Exact copies of all records below are needed.

+++ STORED DATA

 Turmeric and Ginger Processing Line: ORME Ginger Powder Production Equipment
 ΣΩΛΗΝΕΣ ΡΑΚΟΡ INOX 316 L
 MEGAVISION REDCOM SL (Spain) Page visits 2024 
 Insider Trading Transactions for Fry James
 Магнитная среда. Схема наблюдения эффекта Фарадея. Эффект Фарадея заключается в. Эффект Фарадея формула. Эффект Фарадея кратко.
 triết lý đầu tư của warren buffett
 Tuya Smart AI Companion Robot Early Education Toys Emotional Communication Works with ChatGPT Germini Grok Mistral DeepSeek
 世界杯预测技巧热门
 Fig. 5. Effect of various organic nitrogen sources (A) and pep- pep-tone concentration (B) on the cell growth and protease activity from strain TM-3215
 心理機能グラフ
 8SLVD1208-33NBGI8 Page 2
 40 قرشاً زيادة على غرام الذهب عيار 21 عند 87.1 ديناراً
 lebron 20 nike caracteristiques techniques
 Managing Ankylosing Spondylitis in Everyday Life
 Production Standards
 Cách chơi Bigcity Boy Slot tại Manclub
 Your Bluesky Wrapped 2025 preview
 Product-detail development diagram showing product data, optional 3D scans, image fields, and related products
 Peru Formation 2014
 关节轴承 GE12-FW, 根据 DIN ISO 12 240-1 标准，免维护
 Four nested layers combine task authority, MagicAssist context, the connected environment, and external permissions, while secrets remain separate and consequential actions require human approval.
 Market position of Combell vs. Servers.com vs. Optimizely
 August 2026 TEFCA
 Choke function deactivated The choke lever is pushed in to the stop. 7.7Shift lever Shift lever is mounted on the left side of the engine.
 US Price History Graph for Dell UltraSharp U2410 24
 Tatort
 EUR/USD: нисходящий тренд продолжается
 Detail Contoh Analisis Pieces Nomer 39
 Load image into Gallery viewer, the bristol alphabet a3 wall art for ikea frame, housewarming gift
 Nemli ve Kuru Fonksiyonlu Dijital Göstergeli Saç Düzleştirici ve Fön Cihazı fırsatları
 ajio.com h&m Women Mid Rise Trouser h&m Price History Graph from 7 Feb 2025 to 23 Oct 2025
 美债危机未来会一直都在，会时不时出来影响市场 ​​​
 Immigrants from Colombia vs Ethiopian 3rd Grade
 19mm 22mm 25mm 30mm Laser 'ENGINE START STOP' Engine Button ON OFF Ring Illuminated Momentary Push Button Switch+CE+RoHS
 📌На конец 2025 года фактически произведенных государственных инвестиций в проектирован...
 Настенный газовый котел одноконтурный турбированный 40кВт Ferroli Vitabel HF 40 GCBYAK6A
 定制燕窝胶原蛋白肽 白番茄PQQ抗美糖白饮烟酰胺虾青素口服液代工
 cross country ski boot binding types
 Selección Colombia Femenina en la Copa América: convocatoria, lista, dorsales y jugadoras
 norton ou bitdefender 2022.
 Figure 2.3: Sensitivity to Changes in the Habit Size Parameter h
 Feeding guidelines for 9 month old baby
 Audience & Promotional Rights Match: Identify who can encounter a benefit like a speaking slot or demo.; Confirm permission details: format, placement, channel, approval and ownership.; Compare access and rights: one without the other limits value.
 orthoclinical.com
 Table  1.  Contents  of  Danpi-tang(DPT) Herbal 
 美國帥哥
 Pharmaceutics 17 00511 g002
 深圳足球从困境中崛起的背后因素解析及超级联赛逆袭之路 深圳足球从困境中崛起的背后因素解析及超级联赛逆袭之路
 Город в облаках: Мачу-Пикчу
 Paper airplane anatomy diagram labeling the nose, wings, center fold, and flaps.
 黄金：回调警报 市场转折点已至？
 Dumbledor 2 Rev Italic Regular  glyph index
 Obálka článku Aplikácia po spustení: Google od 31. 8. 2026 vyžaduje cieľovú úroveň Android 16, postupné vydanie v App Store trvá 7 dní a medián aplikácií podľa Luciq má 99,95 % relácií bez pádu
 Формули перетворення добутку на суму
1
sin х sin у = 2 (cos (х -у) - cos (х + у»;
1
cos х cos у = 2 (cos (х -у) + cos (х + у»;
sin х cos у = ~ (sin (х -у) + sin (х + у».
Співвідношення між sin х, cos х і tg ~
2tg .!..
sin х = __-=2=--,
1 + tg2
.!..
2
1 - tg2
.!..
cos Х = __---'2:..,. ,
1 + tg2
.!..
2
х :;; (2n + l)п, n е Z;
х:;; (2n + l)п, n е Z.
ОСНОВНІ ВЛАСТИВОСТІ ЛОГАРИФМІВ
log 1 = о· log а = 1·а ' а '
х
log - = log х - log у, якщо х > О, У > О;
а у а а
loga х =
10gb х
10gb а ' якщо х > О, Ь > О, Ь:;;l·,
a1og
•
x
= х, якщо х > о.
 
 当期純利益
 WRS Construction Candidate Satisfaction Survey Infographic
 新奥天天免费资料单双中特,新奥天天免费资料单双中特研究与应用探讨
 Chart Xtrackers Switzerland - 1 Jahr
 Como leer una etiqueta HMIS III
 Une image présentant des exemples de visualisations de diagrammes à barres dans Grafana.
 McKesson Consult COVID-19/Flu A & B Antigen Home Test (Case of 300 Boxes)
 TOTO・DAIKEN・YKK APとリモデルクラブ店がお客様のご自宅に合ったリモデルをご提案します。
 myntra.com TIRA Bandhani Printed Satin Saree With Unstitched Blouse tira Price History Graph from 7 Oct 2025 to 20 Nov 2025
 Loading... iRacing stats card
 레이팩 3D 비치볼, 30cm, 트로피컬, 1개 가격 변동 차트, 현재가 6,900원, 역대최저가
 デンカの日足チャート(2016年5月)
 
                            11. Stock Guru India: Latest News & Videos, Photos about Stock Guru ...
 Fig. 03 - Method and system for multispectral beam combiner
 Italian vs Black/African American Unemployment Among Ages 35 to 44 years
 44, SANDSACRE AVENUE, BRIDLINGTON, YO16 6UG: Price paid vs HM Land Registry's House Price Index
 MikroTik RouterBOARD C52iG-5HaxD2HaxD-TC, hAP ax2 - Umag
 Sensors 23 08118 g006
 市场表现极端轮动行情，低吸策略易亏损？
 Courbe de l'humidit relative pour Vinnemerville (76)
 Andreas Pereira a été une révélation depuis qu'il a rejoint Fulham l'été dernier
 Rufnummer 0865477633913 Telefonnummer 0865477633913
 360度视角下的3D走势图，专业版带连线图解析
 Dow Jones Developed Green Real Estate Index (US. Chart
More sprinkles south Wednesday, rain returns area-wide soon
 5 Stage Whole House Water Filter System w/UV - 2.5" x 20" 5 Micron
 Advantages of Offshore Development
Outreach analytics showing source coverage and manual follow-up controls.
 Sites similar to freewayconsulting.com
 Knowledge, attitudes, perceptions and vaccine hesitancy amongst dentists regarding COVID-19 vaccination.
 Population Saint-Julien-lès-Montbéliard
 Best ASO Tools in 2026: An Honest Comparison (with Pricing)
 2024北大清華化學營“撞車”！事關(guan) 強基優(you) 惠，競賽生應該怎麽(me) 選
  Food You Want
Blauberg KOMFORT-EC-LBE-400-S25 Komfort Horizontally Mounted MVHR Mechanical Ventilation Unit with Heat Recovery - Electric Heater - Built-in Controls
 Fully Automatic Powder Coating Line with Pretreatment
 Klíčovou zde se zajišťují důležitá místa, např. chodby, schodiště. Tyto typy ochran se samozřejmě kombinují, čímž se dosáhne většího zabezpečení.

++++++

- _ANSWER SPACE_:
 Turmeric and Ginger Processing Line: ORME Ginger Powder Production Equipment
 ΣΩΛΗΝΕΣ ΡΑΚΟΡ INOX 316 L
 MEGAVISION REDCOM SL (Spain) Page visits 2024 
 Insider Trading Transactions for Fry James
 Магнитная среда. Схема наблюдения эффекта Фарадея. Эффект Фарадея заключается в. Эффект Фарадея формула. Эффект Фарадея кратко.
 triết lý đầu tư của warren buffett
 Tuya Smart AI Companion Robot Early Education Toys Emotional Communication Works with ChatGPT Germini Grok Mistral DeepSeek
 世界杯预测技巧热门
 Fig. 5. Effect of various organic nitrogen sources (A) and pep- pep-tone concentration (B) on the cell growth and protease activity from strain TM-3215
 心理機能グラフ
 8SLVD1208-33NBGI8 Page 2
 40 قرشاً زيادة على غرام الذهب عيار 21 عند 87.1 ديناراً
 lebron 20 nike caracteristiques techniques
 Managing Ankylosing Spondylitis in Everyday Life
 Production Standards
 Cách chơi Bigcity Boy Slot tại Manclub
 Your Bluesky Wrapped 2025 preview
 Product-detail development diagram showing product data, optional 3D scans, image fields, and related products
 Peru Formation 2014
 关节轴承 GE12-FW, 根据 DIN ISO 12 240-1 标准，免维护
 Four nested layers combine task authority, MagicAssist context, the connected environment, and external permissions, while secrets remain separate and consequential actions require human approval.
 Market position of Combell vs. Servers.com vs. Optimizely
 August 2026 TEFCA
 Choke function deactivated The choke lever is pushed in to the stop. 7.7Shift lever Shift lever is mounted on the left side of the engine.
 US Price History Graph for Dell UltraSharp U2410 24
 Tatort
 EUR/USD: нисходящий тренд продолжается
 Detail Contoh Analisis Pieces Nomer 39
 Load image into Gallery viewer, the bristol alphabet a3 wall art for ikea frame, housewarming gift
 Nemli ve Kuru Fonksiyonlu Dijital Göstergeli Saç Düzleştirici ve Fön Cihazı fırsatları
 ajio.com h&m Women Mid Rise Trouser h&m Price History Graph from 7 Feb 2025 to 23 Oct 2025
 美债危机未来会一直都在，会时不时出来影响市场 ​​​
 Immigrants from Colombia vs Ethiopian 3rd Grade
 19mm 22mm 25mm 30mm Laser 'ENGINE START STOP' Engine Button ON OFF Ring Illuminated Momentary Push Button Switch+CE+RoHS
 📌На конец 2025 года фактически произведенных государственных инвестиций в проектирован...
 Настенный газовый котел одноконтурный турбированный 40кВт Ferroli Vitabel HF 40 GCBYAK6A
 定制燕窝胶原蛋白肽 白番茄PQQ抗美糖白饮烟酰胺虾青素口服液代工
 cross country ski boot binding types
 Selección Colombia Femenina en la Copa América: convocatoria, lista, dorsales y jugadoras
 norton ou bitdefender 2022.
 Figure 2.3: Sensitivity to Changes in the Habit Size Parameter h
 Feeding guidelines for 9 month old baby
 Audience & Promotional Rights Match: Identify who can encounter a benefit like a speaking slot or demo.; Confirm permission details: format, placement, channel, approval and ownership.; Compare access and rights: one without the other limits value.
 orthoclinical.com
 Table  1.  Contents  of  Danpi-tang(DPT) Herbal 
 美國帥哥
 Pharmaceutics 17 00511 g002
 深圳足球从困境中崛起的背后因素解析及超级联赛逆袭之路 深圳足球从困境中崛起的背后因素解析及超级联赛逆袭之路
 Город в облаках: Мачу-Пикчу
 Paper airplane anatomy diagram labeling the nose, wings, center fold, and flaps.
 黄金：回调警报 市场转折点已至？
 Dumbledor 2 Rev Italic Regular  glyph index
 Obálka článku Aplikácia po spustení: Google od 31. 8. 2026 vyžaduje cieľovú úroveň Android 16, postupné vydanie v App Store trvá 7 dní a medián aplikácií podľa Luciq má 99,95 % relácií bez pádu
 Формули перетворення добутку на суму
1
sin х sin у = 2 (cos (х -у) - cos (х + у»;
1
cos х cos у = 2 (cos (х -у) + cos (х + у»;
sin х cos у = ~ (sin (х -у) + sin (х + у».
Співвідношення між sin х, cos х і tg ~
2tg .!..
sin х = __-=2=--,
1 + tg2
.!..
2
1 - tg2
.!..
cos Х = __---'2:..,. ,
1 + tg2
.!..
2
х :;; (2n + l)п, n е Z;
х:;; (2n + l)п, n е Z.
ОСНОВНІ ВЛАСТИВОСТІ ЛОГАРИФМІВ
log 1 = о· log а = 1·а ' а '
х
log - = log х - log у, якщо х > О, У > О;
а у а а
loga х =
10gb х
10gb а ' якщо х > О, Ь > О, Ь:;;l·,
a1og
•
x
= х, якщо х > о.
 
 当期純利益
 WRS Construction Candidate Satisfaction Survey Infographic
 新奥天天免费资料单双中特,新奥天天免费资料单双中特研究与应用探讨
 Chart Xtrackers Switzerland - 1 Jahr
 Como leer una etiqueta HMIS III
 Une image présentant des exemples de visualisations de diagrammes à barres dans Grafana.
 McKesson Consult COVID-19/Flu A & B Antigen Home Test (Case of 300 Boxes)
 TOTO・DAIKEN・YKK APとリモデルクラブ店がお客様のご自宅に合ったリモデルをご提案します。
 myntra.com TIRA Bandhani Printed Satin Saree With Unstitched Blouse tira Price History Graph from 7 Oct 2025 to 20 Nov 2025
 Loading... iRacing stats card
 레이팩 3D 비치볼, 30cm, 트로피컬, 1개 가격 변동 차트, 현재가 6,900원, 역대최저가
 デンカの日足チャート(2016年5月)
 
                            11. Stock Guru India: Latest News & Videos, Photos about Stock Guru ...
 Fig. 03 - Method and system for multispectral beam combiner
 Italian vs Black/African American Unemployment Among Ages 35 to 44 years
 44, SANDSACRE AVENUE, BRIDLINGTON, YO16 6UG: Price paid vs HM Land Registry's House Price Index
 MikroTik RouterBOARD C52iG-5HaxD2HaxD-TC, hAP ax2 - Umag
 Sensors 23 08118 g006
 市场表现极端轮动行情，低吸策略易亏损？
 Courbe de l'humidit relative pour Vinnemerville (76)
 Andreas Pereira a été une révélation depuis qu'il a rejoint Fulham l'été dernier
 Rufnummer 0865477633913 Telefonnummer 0865477633913
 360度视角下的3D走势图，专业版带连线图解析
 Dow Jones Developed Green Real Estate Index (US. Chart
More sprinkles south Wednesday, rain returns area-wide soon
 5 Stage Whole House Water Filter System w/UV - 2.5" x 20" 5 Micron
 Advantages of Offshore Development
Outreach analytics showing source coverage and manual follow-up controls.
 Sites similar to freewayconsulting.com
 Knowledge, attitudes, perceptions and vaccine hesitancy amongst dentists regarding COVID-19 vaccination.
 Population Saint-Julien-lès-Montbéliard
 Best ASO Tools in 2026: An Honest Comparison (with Pricing)
 2024北大清華化學營“撞車”！事關(guan) 強基優(you) 惠，競賽生應該怎麽(me) 選
  Food You Want
Blauberg KOMFORT-EC-LBE-400-S25 Komfort Horizontally Mounted MVHR Mechanical Ventilation Unit with Heat Recovery - Electric Heater - Built-in Controls
 Fully Automatic Powder Coating Line with Pretreatment
 Klíčovou zde se zajišťují důležitá místa, např. chodby, schodiště. Tyto typy ochran se samozřejmě kombinují, čímž se dosáhne většího zabezpečení.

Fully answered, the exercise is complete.